Some 500,000 electric cars were made in China in 2016, the largest global market for these cars, and with government publicly airing its intent to ease out combustion-engine vehicles, the future will likely provide TSIS with lucrative avenues for growth in freshly minted spheres. “We are exploring the scope to market safer and environment-friendly material for the food packaging industry, along with high-strength, high-technology steels for the automotive sector,” says Mr Huang. “That’s our focus.”

Procure and be secure

Right through the rough times it had to endure in the 2008-2014 period, the business that did not lag for Tata Steel International (Shanghai) was procurement from China for the manufacturing facilities of Tata Steel Europe (TSE).

‘Bringing the best value possible’ to TSE’s doorstep is the sourcing team’s mantra and, crucially, the effort has not had to experience the sort of slump the sales part of the business suffered. “Compared with sales, our purchasing initiatives keep growing,” says George Huang, commercial manager, TSIS. “We handle global sourcing and China plays a big role in that.”

There’s more to it in the details.
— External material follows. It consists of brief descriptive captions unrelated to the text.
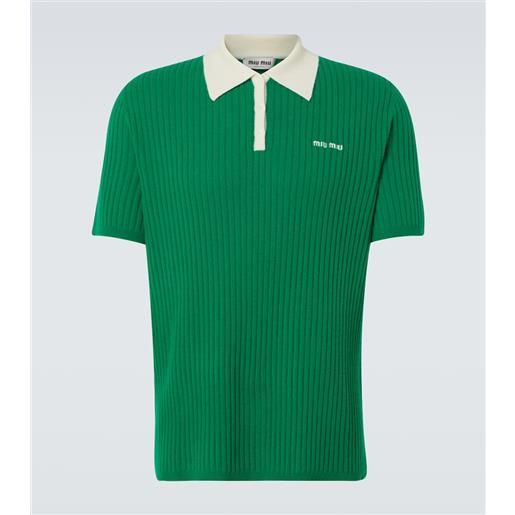 Miu Miu polo in cashmere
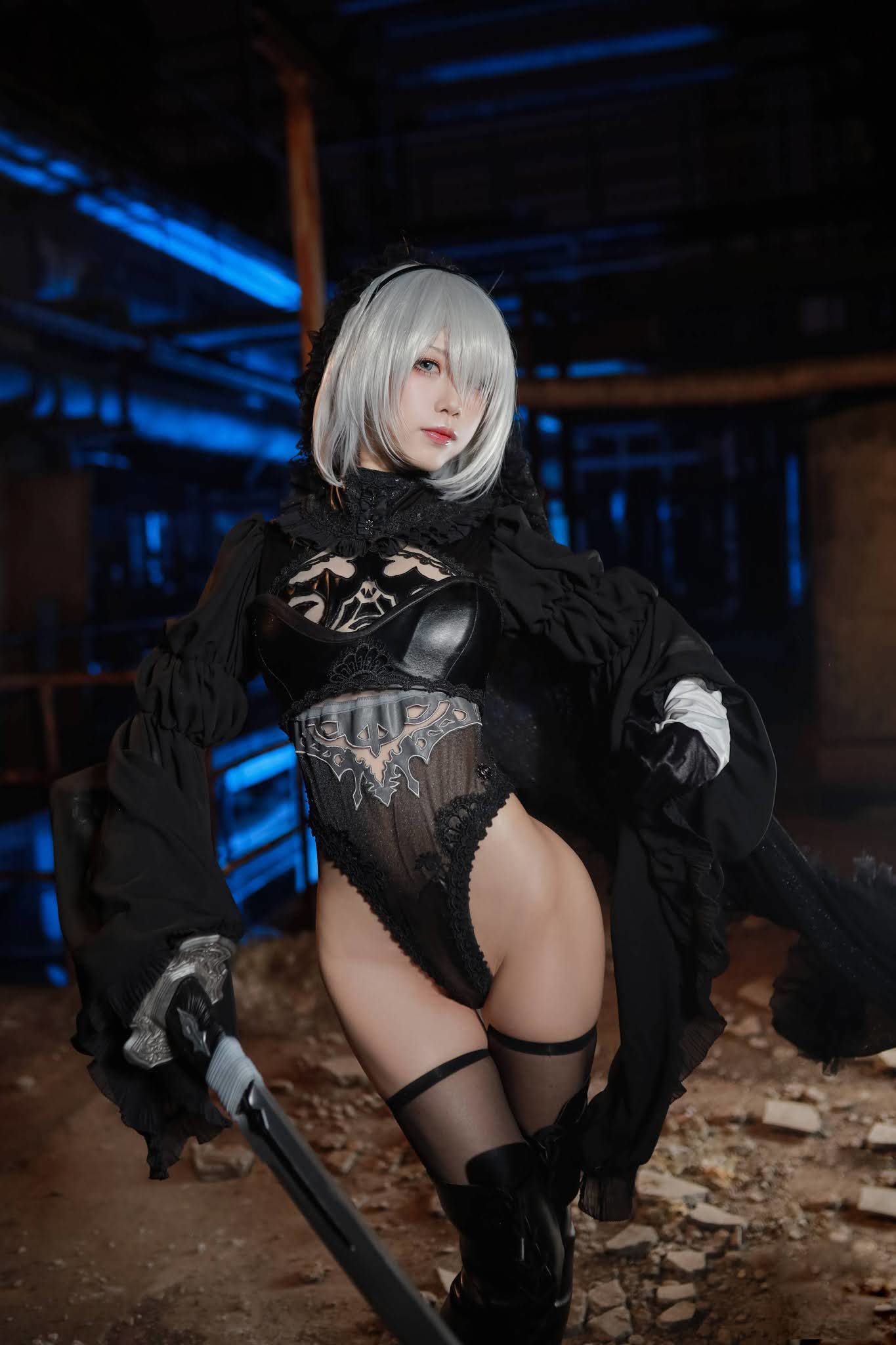 [水淼Aqua] 2B Dark Version NieR_Automata ニーア オートマタ(13)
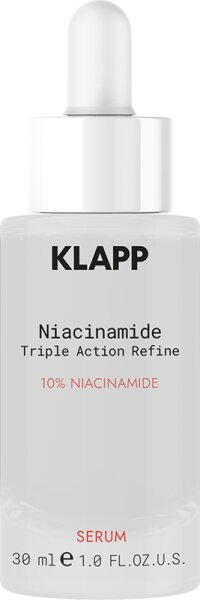 KLAPP Niacinamide Triple Action Refine 10% Serum 30 ml KLAPP Niacinamide Triple Action Refine 10% Serum 30 ml von KLAPP Skin Care Science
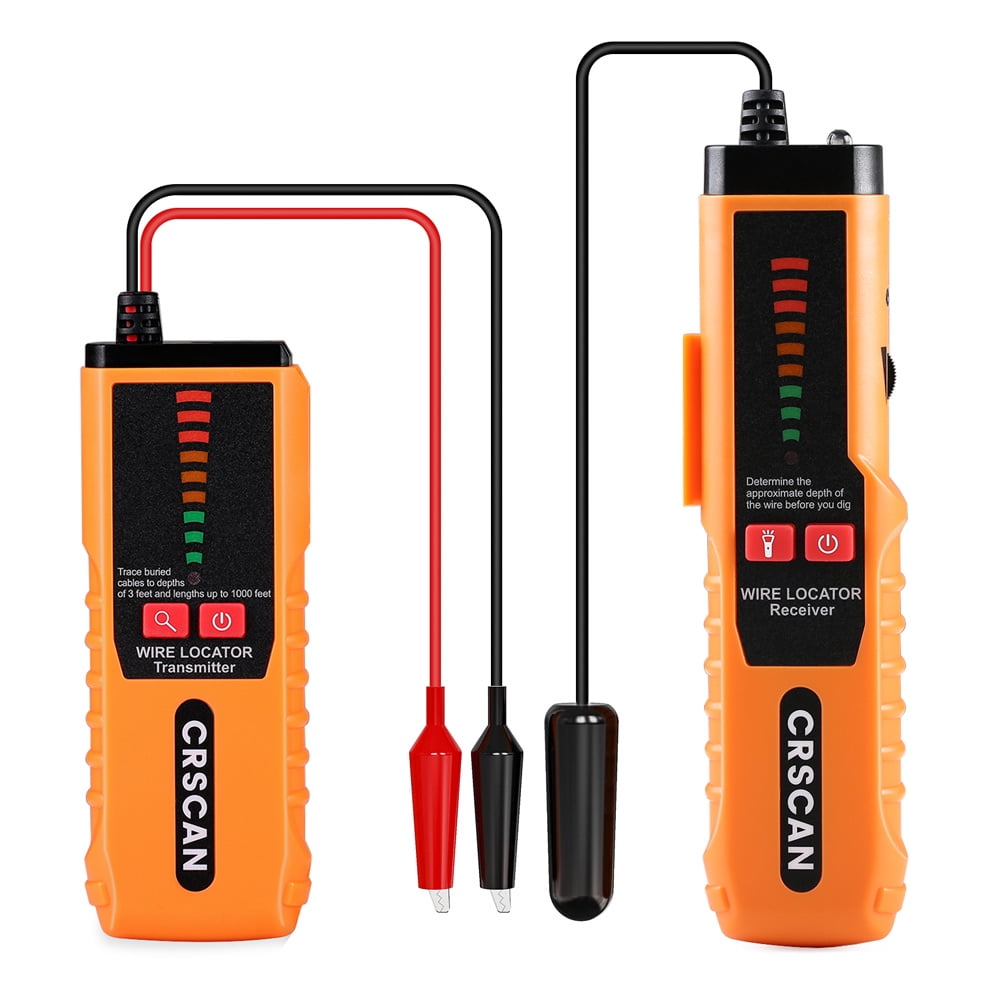 CRSCAN F04 Underground Cable NonDestructive Locator, Wire Locator Receiver, Wire Locator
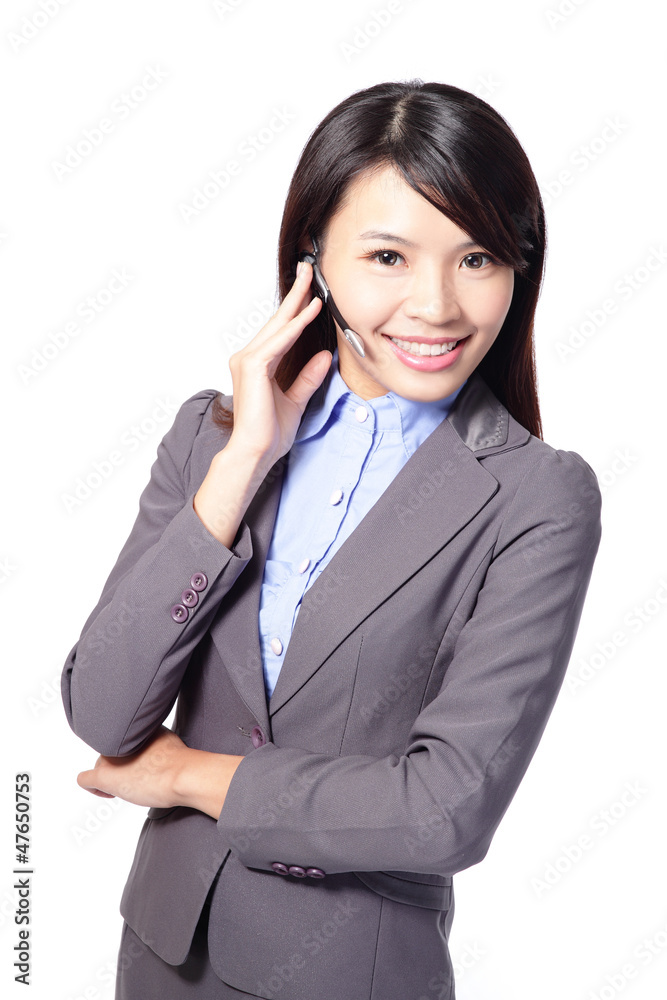 woman customer support operator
TSIS helps the European and, to a lesser degree, Indian operations of Tata Steel in three main ways: it gathers information on Chinese and regional markets; it provides insights and leverage to what are called ‘category teams’; and it does direct sourcing and one-off buying of raw and processed materials.

TSIS kick-started the procurement-from-China business in 2007 and it has steadily increased in the years since. It began by buying mechanical and maintenance components before expanding to process material and the rest. The subsidiary touched a China-sourcing high of €32 million in 2015 and it has recorded impressive savings for TSE, but there is still some way to go.

“China accounts for just 1.5% of the total global procurement for TSE,” says Mr Huang. “We need to enhance sourcing from here and thereby enhance our savings. China has a huge influence on the European steel market — it produces about 50% of the world’s steel output while consuming 45% domestically — and raw material purchases are crucial in the context.”